中村きみえ議員の「議員定数及び各選挙区選出議員数に
関する条例の一部改正」に反対し、「修正案」に賛成する討論



2014.6.25

写真 発議第13号千葉市議会議員定数及び各選挙区選出議員数に関する条例の一部改正について反対し、修正案に賛成する討論を行います。
 発議第13号は、議員定数を54人から50人とし、中央区、花見川区、稲毛区、若葉区をそれぞれ1削減しようとするものです。議会改革推進協議会で、議員定数について議論してきました。自民、民主、公明、未来創造、日本維新の会・結いの党、無所属の議員3人は共同提案していますが、日本共産党と市民ネットワークは、この定数削減の問題について議会制民主主義を形骸化させるもので、反対の立場を主張してきました。

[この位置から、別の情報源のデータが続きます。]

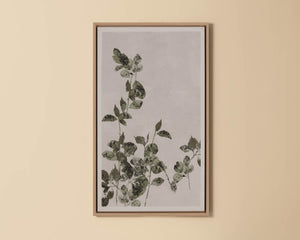 Botanical Study III - perfect for living rooms, bedrooms, and offices | Image 2 | InSTYLE Home & Rugs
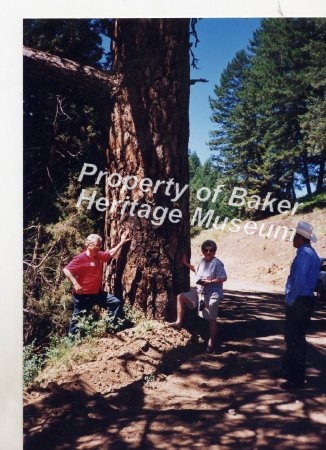 Mormon Basin, hanging tree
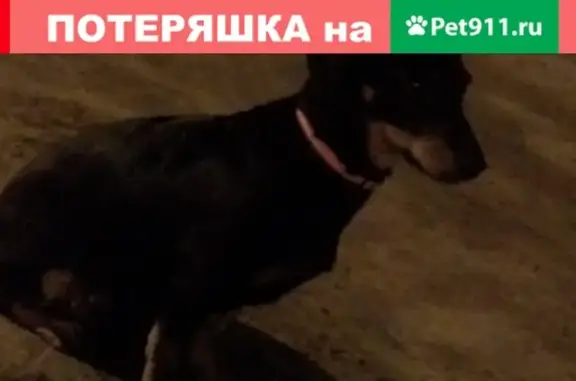 Собака найдена на ул. Угрешская 6 в Дзержинском районе (Москва)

 今回、削減しようとする発議案に反対するだけでなく、対案として、議員定数を削減せず、花見川区は1減、緑区で1増とする修正案を市民ネットワークと共同で提案しました。発議での4減では、議員1人当たりの人口と1票の較差が、1.123ですが、私どもの修正案は、1.109とその差を縮める提案となっています。
 そもそも、議員の定数を考えるにあたって念頭に置くべきことが7点考えられます。
 1つは、国民主権のもとに、物事を決定し権力を行使する直接民主主義が大前提であるということです。住民全員が話し合いをして物事を決定していくことが重要ですが、事実上は、市民全員が集まり重要な決定をすることが、不可能です。そのため、市民の意思を代表して権力を行使する機関が議会です。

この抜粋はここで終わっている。